Since 1960, the proportion of GDP spent on healthcare has increased from ±4% to more than 10%, yet at the same time historic increases in life-expectancy have plateaued.  The reason is a shift in disease burden from infections and accidents to chronic diseases.  Worldwide, healthcare systems struggle to manage such diseases due to both their chronicity and their roots in everyday behaviour (beyond the influence of the clinical environment).  What is required to tackle chronic diseases is a ‘closed-loop’ system capable of sensing health and behaviour, of inferring proximate causes, and of delivering targeted interventions.  Today, advances in digital sensing, in design for user engagement, and in neuroscience and behavioural economics have created an historic chance to deliver closed-loop public health at the population scale.  The economic opportunity is huge, let alone the promise of transforming the health of people across the planet and deepening our understanding of human behaviour.

 

Wendy J. Nilsen, PhD

Title: Making Health Smarter

Bio:

Wendy Nilsen, Ph.D. is in the lead Program Director in the Smart and Connected Health program. Her work focuses on the intersection of technology and health.  This includes a wide range of methods for data collection, advanced analytics and the creation of effective cyber-human systems. Her interests span the areas of sensing, analytics, cyber-physical systems, information systems, big data and robotics.  More specifically, her efforts include: serving as cochair of the Health Information Technology Research and Development working group of the Networking and Information Technology Research and Development Program; the lead for the NSF/NIH Smart and Connected Health announcement; convening workshops to address methodology in technology in health research; serving on numerous federal technology initiatives; and, leading training institutes. Prior to joining NSF, Wendy was at the National Institutes of Health.

Abstract:

Personalized medicine and prevention approaches, aided by new sensing, analytics, language, visualization and interface methods, have the potential to transform health from reactive treatments based on deviations from population-level data to one in which intervention and prevention is tailored to individual characteristics.
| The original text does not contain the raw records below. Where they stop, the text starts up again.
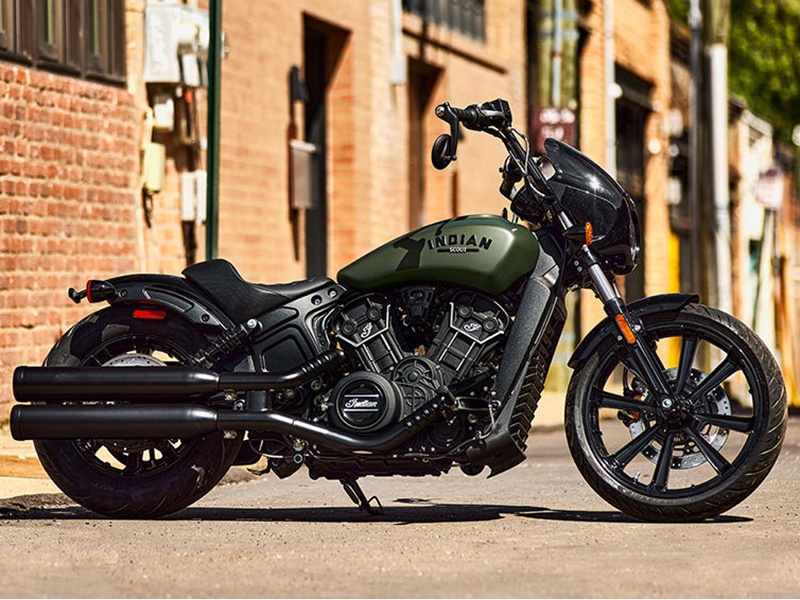 2024 Indian Motorcycle Scout® Rogue ABS in Fort Lauderdale, Florida - Photo 13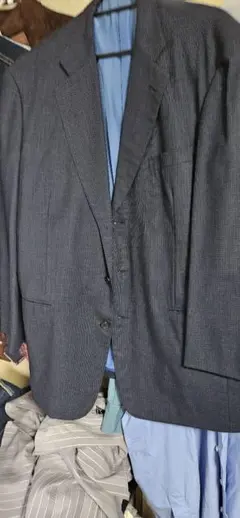 Ermenegildo Zegna テーラードジャケット ストライプのサムネイル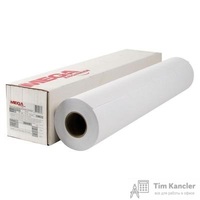 Бумага широкоформатная MEGA Engineer Bright white (длина 150 м, ширина 914 мм, плотность 80 г/кв.м, белизна 169% CIE, диаметр втулки 76 мм). Уценка
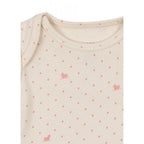 BELLO DUE LONG SLEEVE BODY - LARGO ROSA
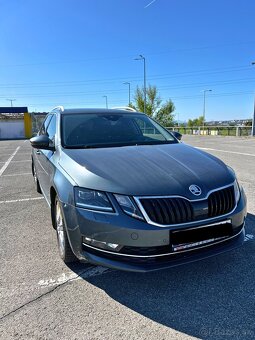 Škoda Octavia Combi 2.0 TDI 110kW, DSG, Style Plus, 2017 - 2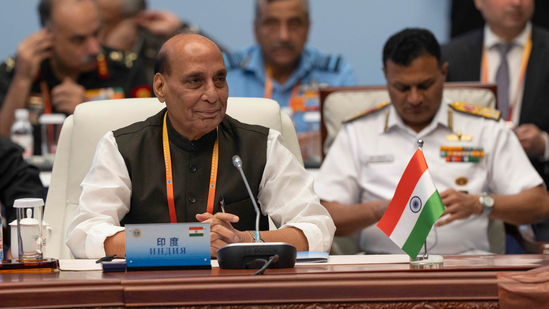 Rajnath Singh SCO meeting speech
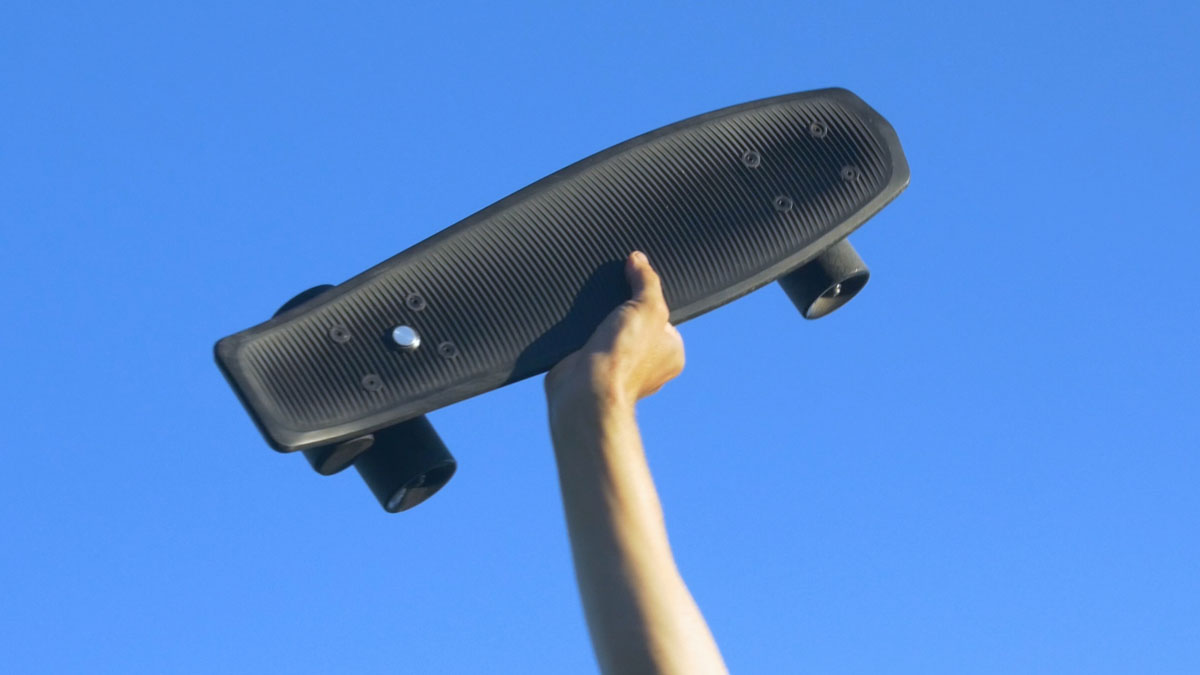 Headless Electric Skateboard Headless Electric Skateboard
While this may be our ideal state, to make this happen will require a range of new fundamental scientific advances across computing, engineering and the behavioral and social sciences in concert with the efforts of the biomedical research community. These partnerships are needed because the solutions to complex health problems and processes must effectively satisfy a multitude of constraints arising from heterogeneity of data, semantic mismatch, limitations of current cyber physical systems, lack of ground truth, cultural dynamics, cognitive limitations, and barriers to patient, provider and caregiver behavioral change. This talk explores the opportunities and challenges in developing a smarter health ecosystem and highlights promising new areas of research.